The severity of penalties is clearly in line with the CMS view that disputes that affect the medicines and treatments on which participants rely for health are serious issues.
Part D Oversight
Part D Prescription Drug plans have close scrutiny from CMS. The government must review and approve the plans. While CMS is not an active purchaser, it is not quite a mere pass-through either.
Firms must present formularies and keep the government up to date with current submissions that reflect the latest changes. The CMS reviews decisions on price and restrictions on usage. Oversight is a vital function. The CMS has an organization component dedicated to oversight and improvement of the Medicare system.
CMS Provides Medicaid and Medicare Coordination
State Medicaid offices must work closely with federal Medicare. State programs fund many Medicare initiatives. There is a growing group of enrollees with state and federal eligibility.
The Dual Eligibles need services that bridge the connection between state and federal offices. For example, Medicare funds the Medicare Savings Programs that can reduce the impact of Medicare costs on eligible participants.

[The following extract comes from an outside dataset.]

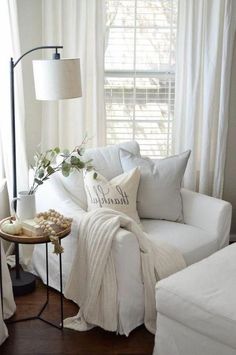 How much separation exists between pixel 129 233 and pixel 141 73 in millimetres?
1567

CMS Administers Medicare and Key Health Programs
One can view Medicare as part of a national system of state and federal functions to provide high-quality medical care. It is a massive undertaking and now includes the health reforms of the Affordable Care Act. It includes government-run Original Medicare and the private plans in Medicare Parts C and D.
Comparison shopping is an essential part of a thorough examination of private plans. These plans cover standalone prescription drugs, comprehensive health care with prescription options, and Medicare Supplement gap insurance.